Return only the lines below starting at the line containing "MLS #OC25174194 image #2" and ending at the line containing "Model Sailboat Races on Mission Bay", both included, exactly as they are and with no pictures.

RECORDS SHOWN section start

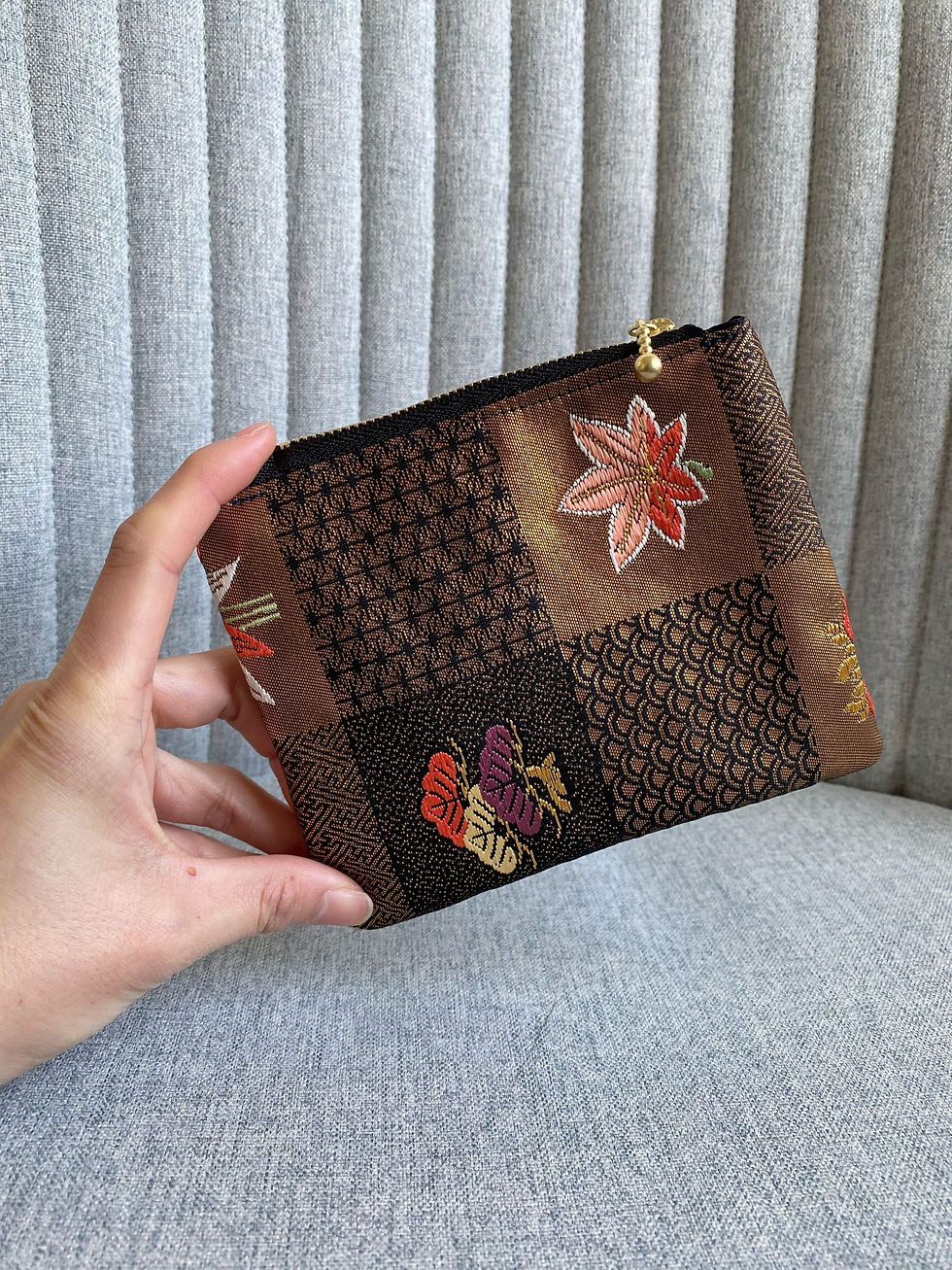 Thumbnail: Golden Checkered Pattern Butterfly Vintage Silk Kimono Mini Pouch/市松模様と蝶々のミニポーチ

RECORDS SHOWN section end
RECORDS SHOWN section start

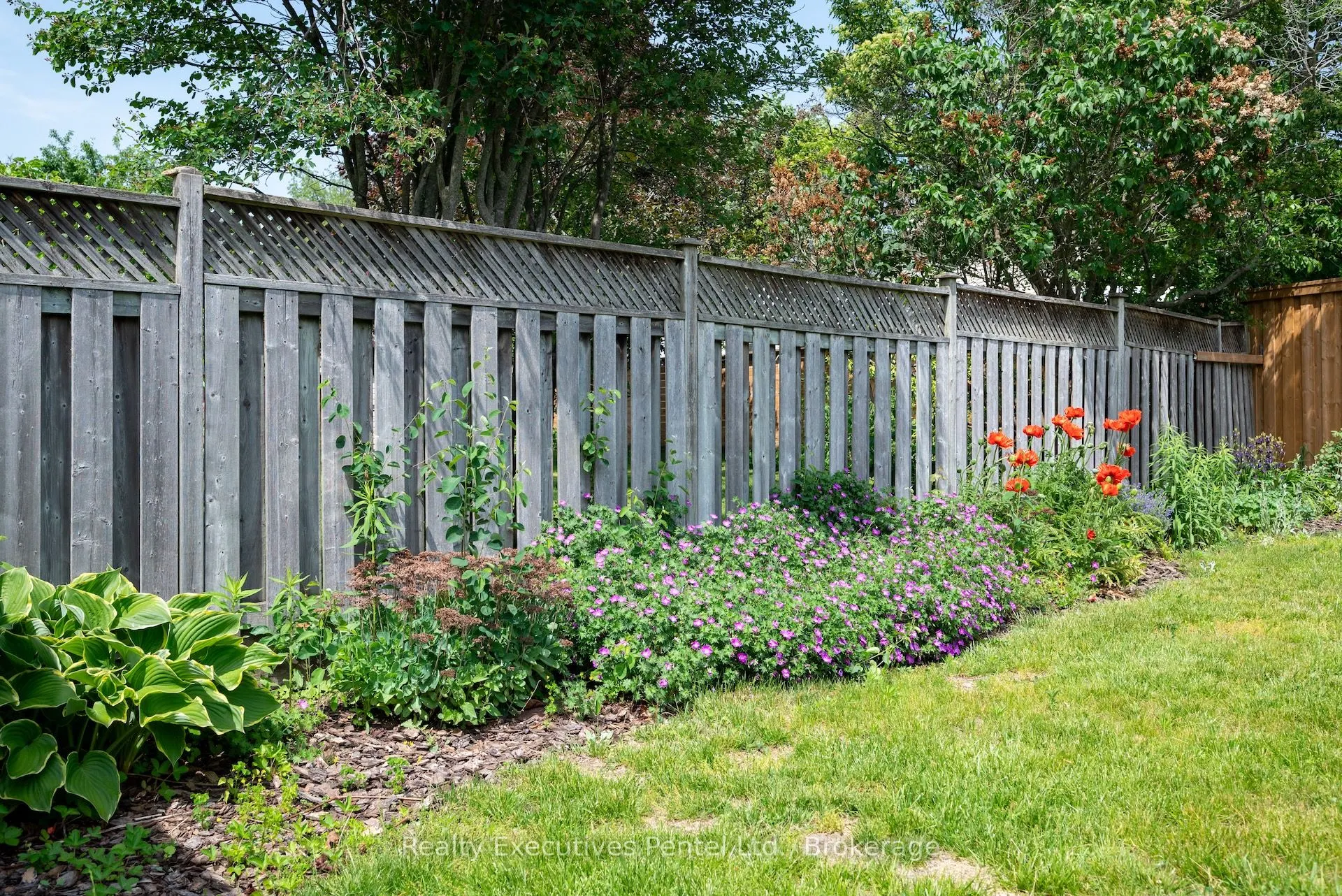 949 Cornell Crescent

RECORDS SHOWN section end
RECORDS SHOWN section start

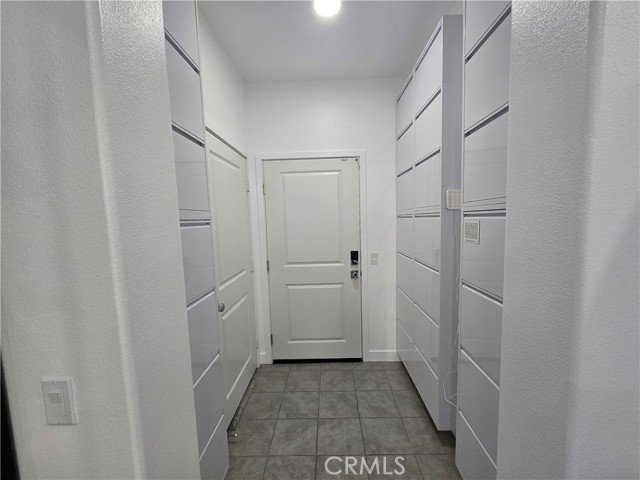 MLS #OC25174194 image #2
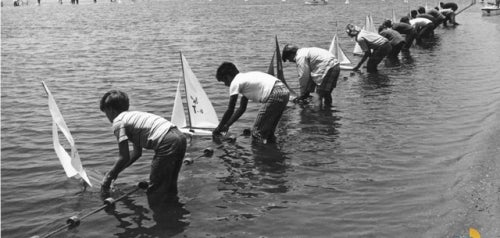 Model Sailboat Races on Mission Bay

RECORDS SHOWN section end

**OUTPUT**
 MLS #OC25174194 image #2
 Model Sailboat Races on Mission Bay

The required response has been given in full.